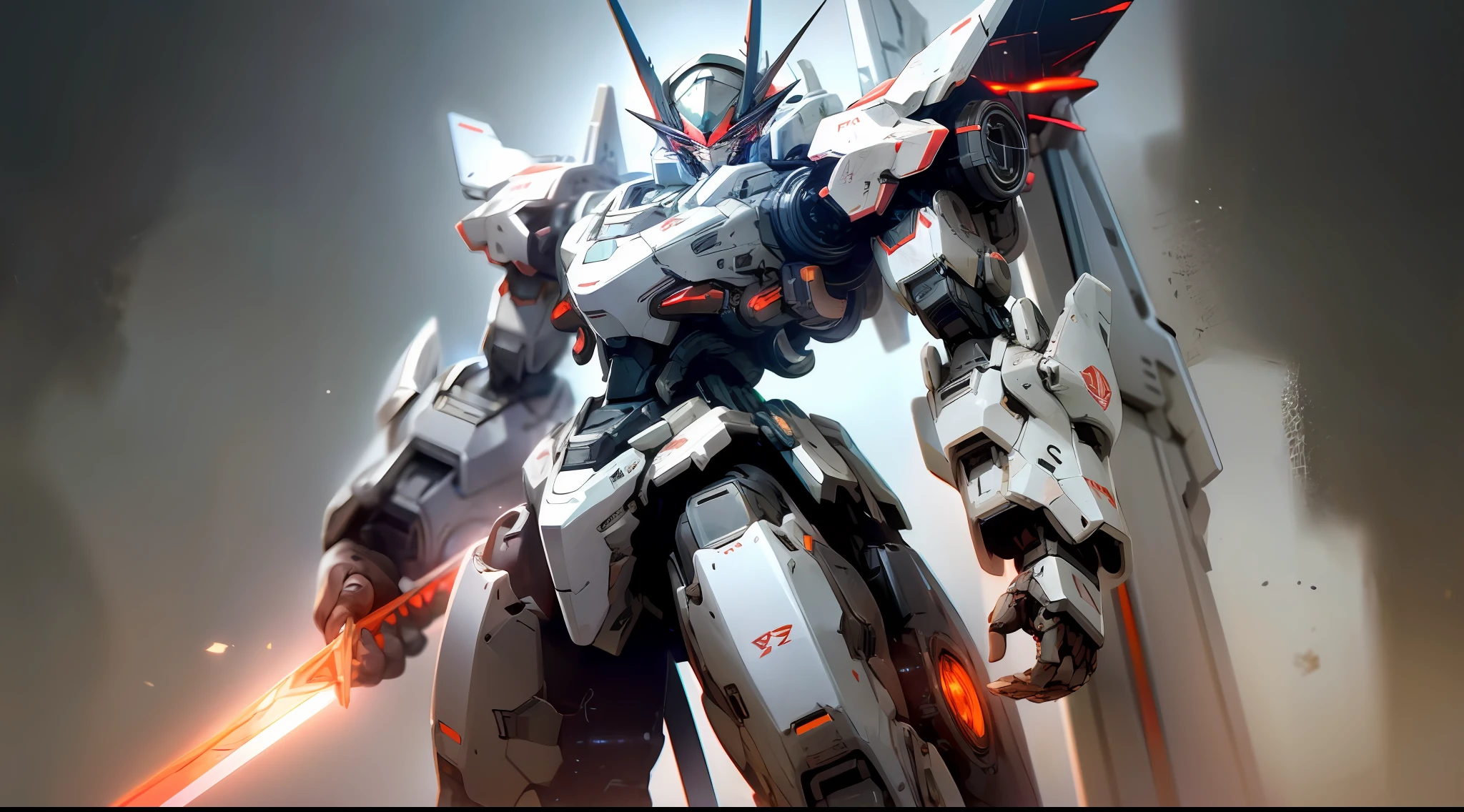 A beautiful game CG with the Doomsday theme armor as the main body, this is a light black and light white mecha, its hands hold a broad heavy sword, emitting a fiery red light: 1.2, the eyes of the mecha emit dazzling red light: 0.8, realistic effects, chiaroscuro, dark fog, flowing special effects, mecha lines are detailed and exquisite, the mecha's face is delicate and clear, the picture is dark, and the light source is on the eyes,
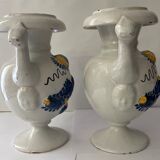 Italy Savona pair of earthenware vases floral decoration anonymous character XVIII e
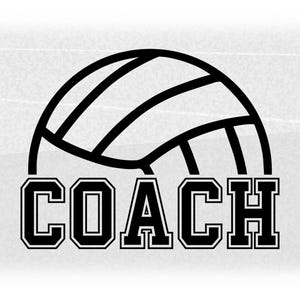 Pode incluir: Design gráfico preto e branco de uma bola de voleibol com a palavra "COACH" em letras em negrito e em bloco.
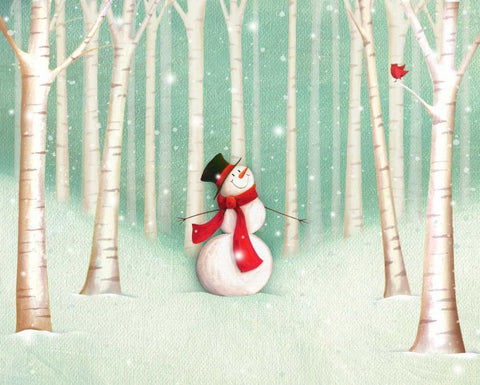 Holiday Joys Snowman White Modern Wood Framed Art Print with Double Matting by P.S. Art Studios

__Task brief__
Output the whole listing without change. Any picture is to be left out.

__Answer__
 A beautiful game CG with the Doomsday theme armor as the main body, this is a light black and light white mecha, its hands hold a broad heavy sword, emitting a fiery red light: 1.2, the eyes of the mecha emit dazzling red light: 0.8, realistic effects, chiaroscuro, dark fog, flowing special effects, mecha lines are detailed and exquisite, the mecha's face is delicate and clear, the picture is dark, and the light source is on the eyes,
 Italy Savona pair of earthenware vases floral decoration anonymous character XVIII e
 Pode incluir: Design gráfico preto e branco de uma bola de voleibol com a palavra "COACH" em letras em negrito e em bloco.
 Holiday Joys Snowman White Modern Wood Framed Art Print with Double Matting by P.S. Art Studios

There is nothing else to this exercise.